■ **What you need to do**:
Set down each record that follows exactly. Drop the images.

+++ Provided data +++

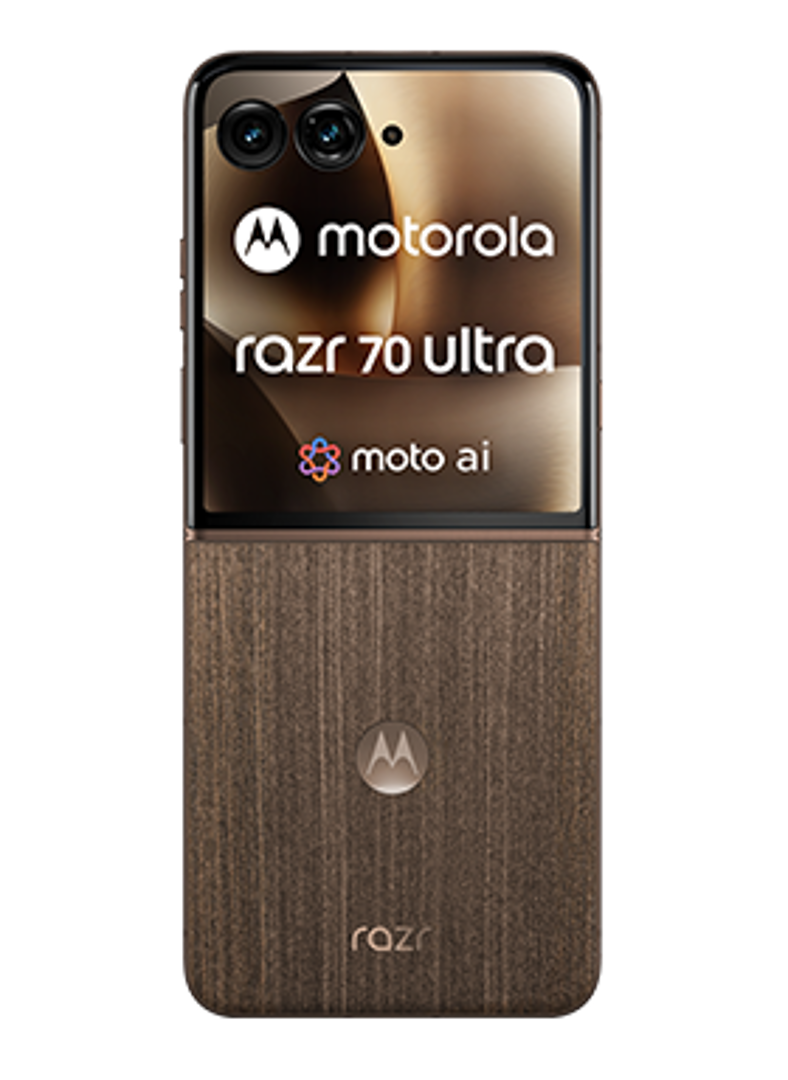 motorola razr 70 Ultra 5G 16/512GB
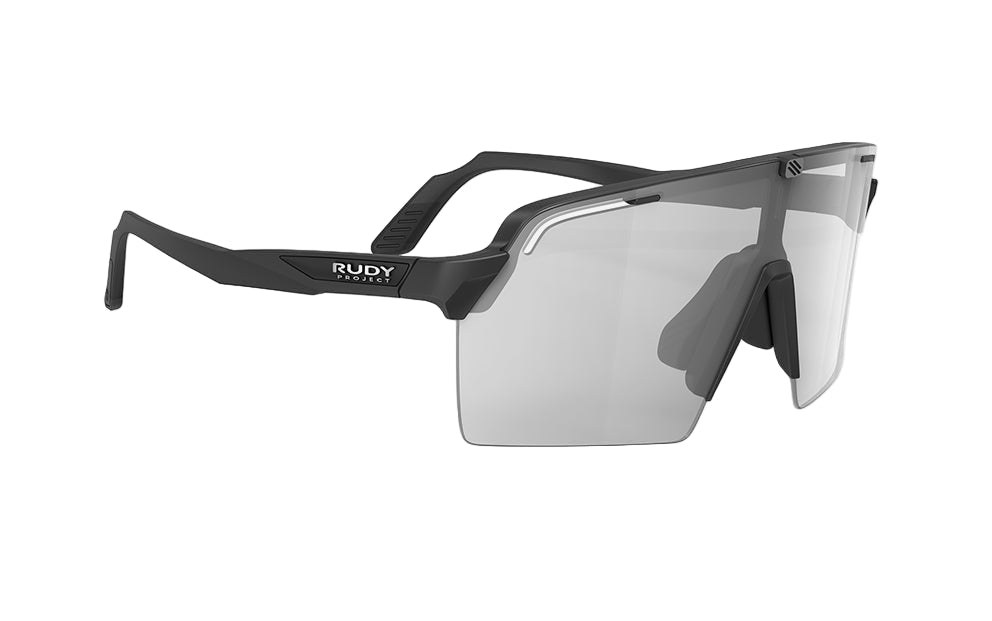 Rudy Project Sunglasses | Spinshield Pro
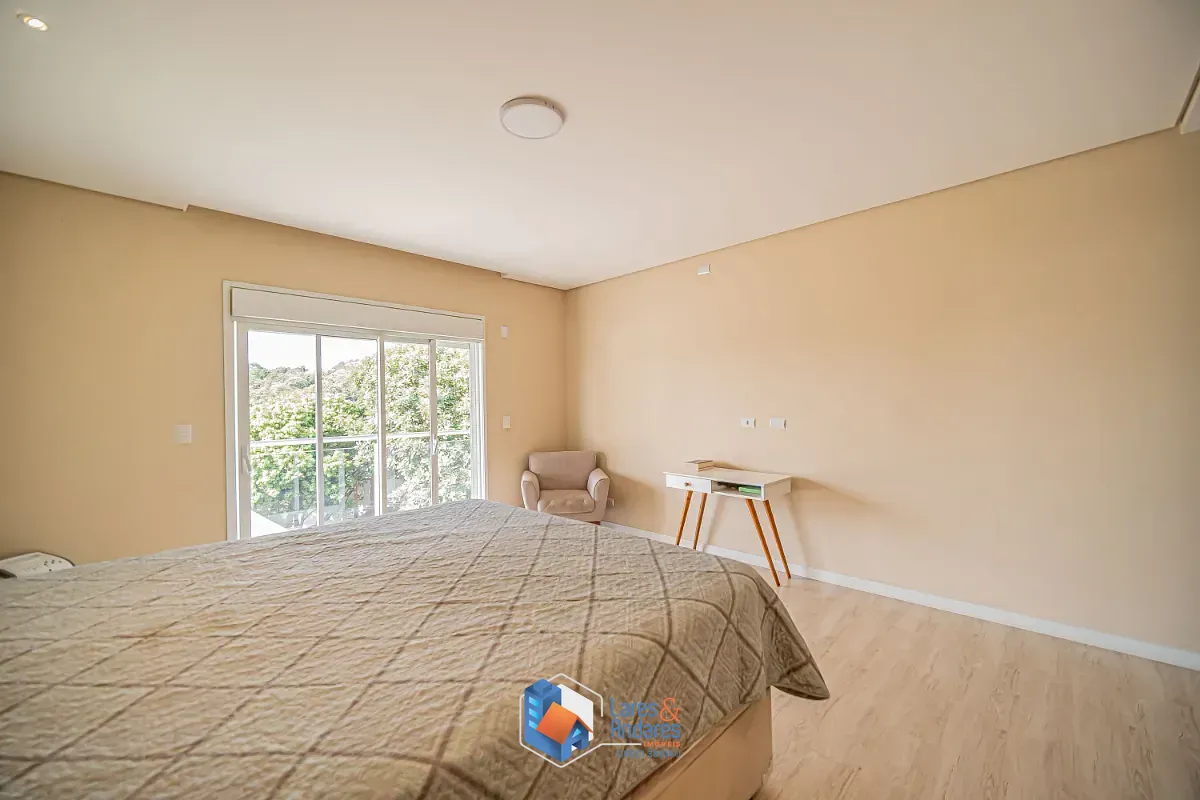 Casa, 3 quartos, 511 m² - Foto 32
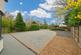 Additional image 32 of Hillmorton Road, Rugby, Warwickshire CV22 5BE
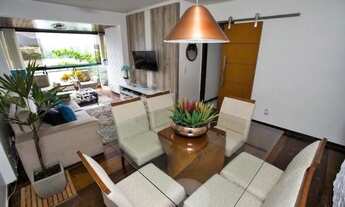 Imagem 3: EXCELENTE APARTAMENTO NO ALFA BARRA 2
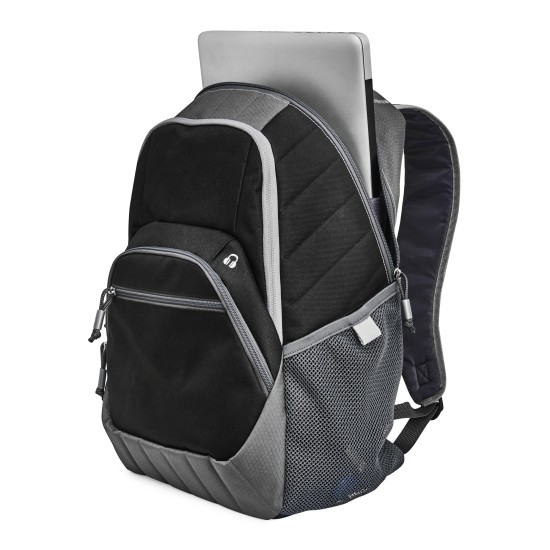Rangeley Deluxe Computer Backpack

+++

■ **Task answer**:
 motorola razr 70 Ultra 5G 16/512GB
 Rudy Project Sunglasses | Spinshield Pro
 Casa, 3 quartos, 511 m² - Foto 32
 Additional image 32 of Hillmorton Road, Rugby, Warwickshire CV22 5BE
 Imagem 3: EXCELENTE APARTAMENTO NO ALFA BARRA 2
Rangeley Deluxe Computer Backpack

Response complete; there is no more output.